Heh, tidakkah semua ini ironis?


END.


A/N:
Daku tahu ini terkesan banishing karakter Cass, tapi ini tentang situasi latar cerita yang bertema di season 6 episode 20 setelah adegan Cass meminta maaf ke Dean, dan pemikiran POV dari Sam yang daku gambarkan adalah situasi kejadian yang telah lama terpendam di hati Sam sejak masa-masa season 4 hingga 5 dan selama season 6 dimana Cass menyembunyikan fakta kalau dia yang mengambil Sam tanpa disertai jiwa dari Kotak Iblis, dan membuat Sam tak berjiwa jadi terkoneksi masalah berkepanjangan dengan Campbell serta Crowley, dan Dean jadi harus bersusah payah hingga lagi-lagi membuat deal dengan Sang Kematian. Meski secara jelas, Cass punya alasan tersendiri yang pastinya terbaik untuk Sam dan Dean.

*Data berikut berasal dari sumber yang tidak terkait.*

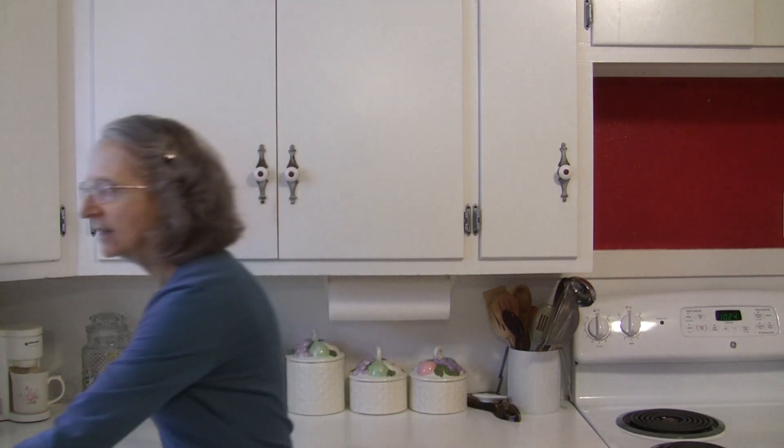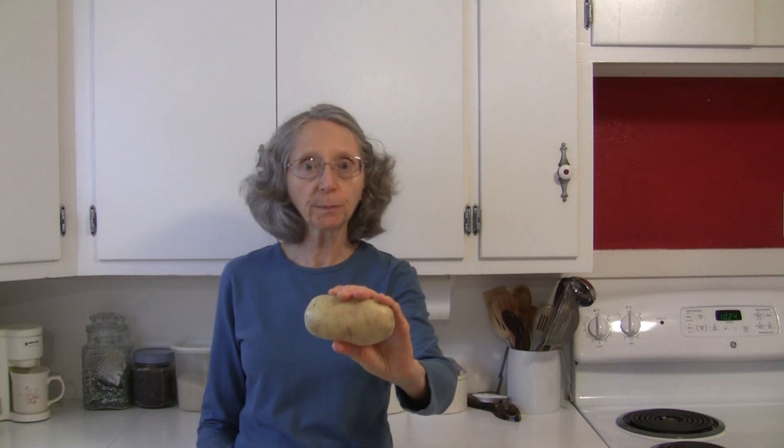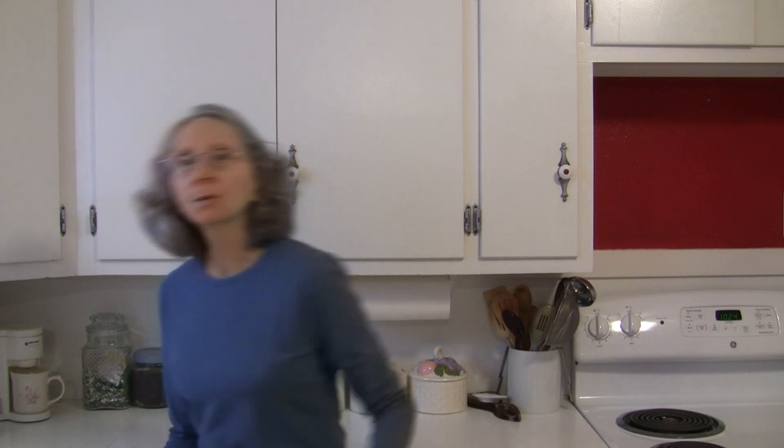Hi everybody, this is Judy at Judy in the Kitchen. Today we're talking about Yukon Gold Potatoes and how to select, store, and preserve your potatoes if you want to store them for any length of time.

Ini cerita paling pertama yang pernah daku buat untuk Supernatural, tapi urung di-publish. Ada sedikit kesamaan pemakaian kalimat bagi yang pernah membaca "Dean, Swap Soul!" chapter 6 karena partial idenya daku ambil dari sini.
Dan ini daku publish karena daku ingin menggambarkan sedikit tentang Dean dari sudut pandang Sam, juga perasaan Sam yang mendalam terhadap sang kakak.

Thanks buat kalian yang sudah membaca. Maaf jika alur ceritanya dan pemakaian beberapa kata membuat kalimat yang terbentuk jadi terkesan berat dalam pengartiannya, juga tak memberikan adegan kekerasan dan intimasi vulgar seperti cerita-cerita khas saya pada umumnya.